给定一个数组'数组'和一组索引'索引',如何找到通过以矢量化方式沿着这些索引分割数组形成的子数组的累积和?澄清一下,假设我有:
>>> array = np.arange(20) >>> array array([ 0, 1, 2, 3, 4, 5, 6, 7, 8, 9, 10, 11, 12, 13, 14, 15, 16, 17, 18, 19]) indices = np.arrray([3, 8, 14])
操作应该输出:
array([0, 1, 3, 3, 7, 12, 18, 25, 8, 17, 27, 38, 50, 63, 14, 29, 45, 62, 80, 99])
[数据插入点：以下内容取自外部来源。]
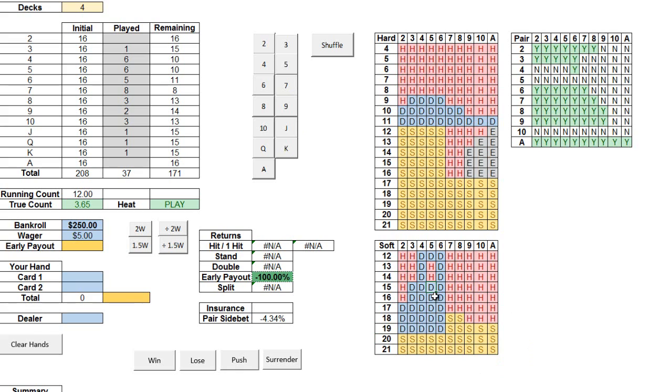Now using these charts are very easy. Simply find your total on the left hand side and compare it with the dealer's up card across the top. Red Hs indicate that you should hit, blue Ds that you should double, yellow Ss for stand, and these grey Es for surrender, if your particular game allows you to give up your hand in exchange for 50% of your bet.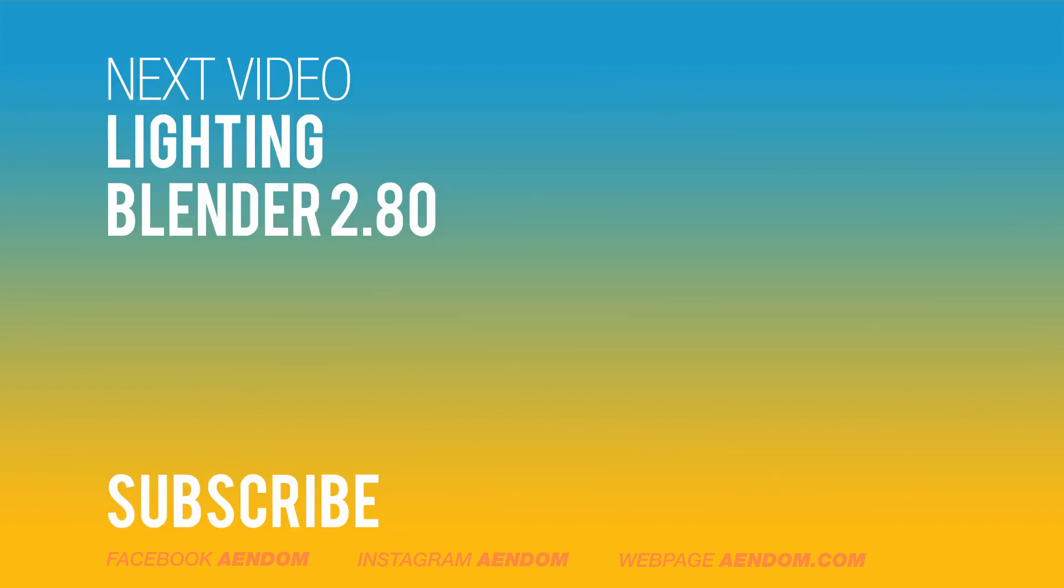If you like this video, please subscribe. Next video: lighting in Blender 2.80.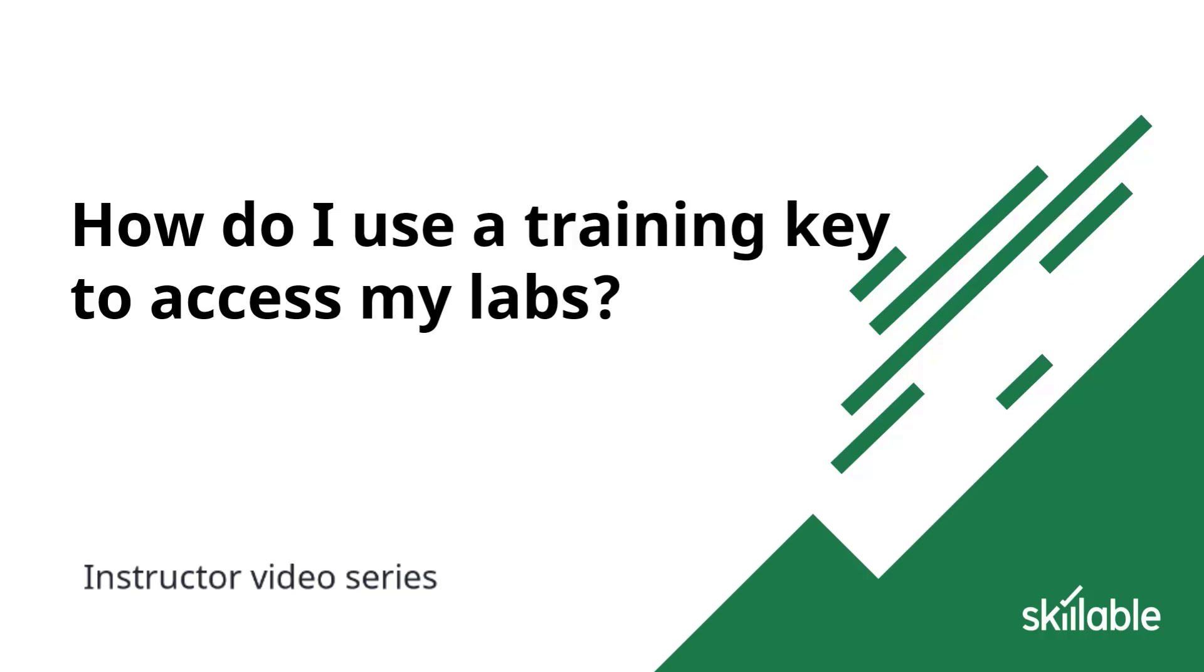Welcome and thank you for joining me for a video on how you can use a training key to access your labs.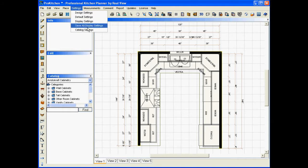And what this one's going to allow us to do, it's going to allow us to go in and change our display settings in each view and be able to come back and reopen ProKitchen with a new design and automatically have those existing settings that we already set open with it.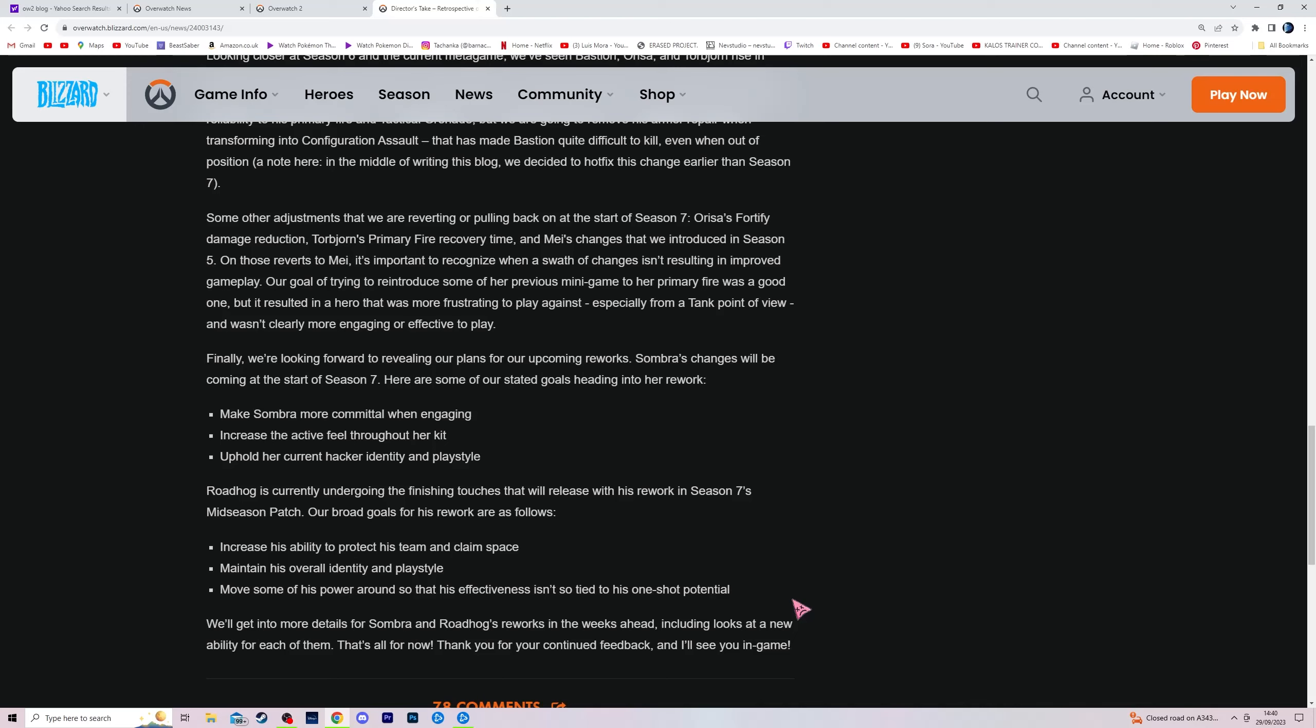Roadhog is currently undergoing the finishing touches that will release with his rework in Season 7's mid-season patch. Our goals for his rework are as follows: increase his ability to protect his team and claim space, maintain his overall identity and play style, move some of his power around so that his effectiveness isn't so tied to his one-shot potential.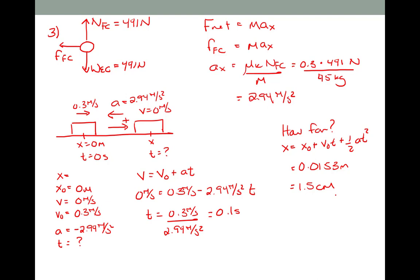This concludes this portion of Unit 8. In the next part, we will work two additional examples.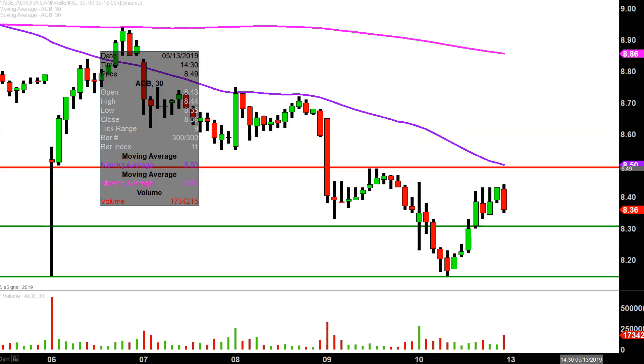But overall, no doubt about it — rough start, but a very nice bounce. So we'll see if the bulls can build upon this momentum or not.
请注意,阵列非常大(100000个元素),因此,我需要一个矢量化答案.使用任何循环会大大减慢它.另外,如果我有同样的问题,但是2D数组和相应的索引,我需要为数组中的每一行做同样的事情,我该怎么办呢?
对于2D版本:
>>>array = np.arange(12).reshape((3,4)) >>>array array([[ 0, 1, 2, 3], [ 4, 5, 6, 7], [ 8, 9, 10, 11]]) >>> indices = np.array([[2], [1, 3], [1, 2]])
输出将是:
array([[ 0, 1, 3, 3], [ 4, 9, 6, 13], [ 8, 17, 10, 11]])
澄清:每一行都将被拆分.
您可以在indices
位置处引入原始累积求和数组的微分,以在这些位置创建边界效果,这样当差分数组被累加求和时,为我们提供指数停止的累积求和输出.这可能在初看起来有点做作,但坚持下去,试试其他样品,希望有意义!这个想法与this other MATLAB solution.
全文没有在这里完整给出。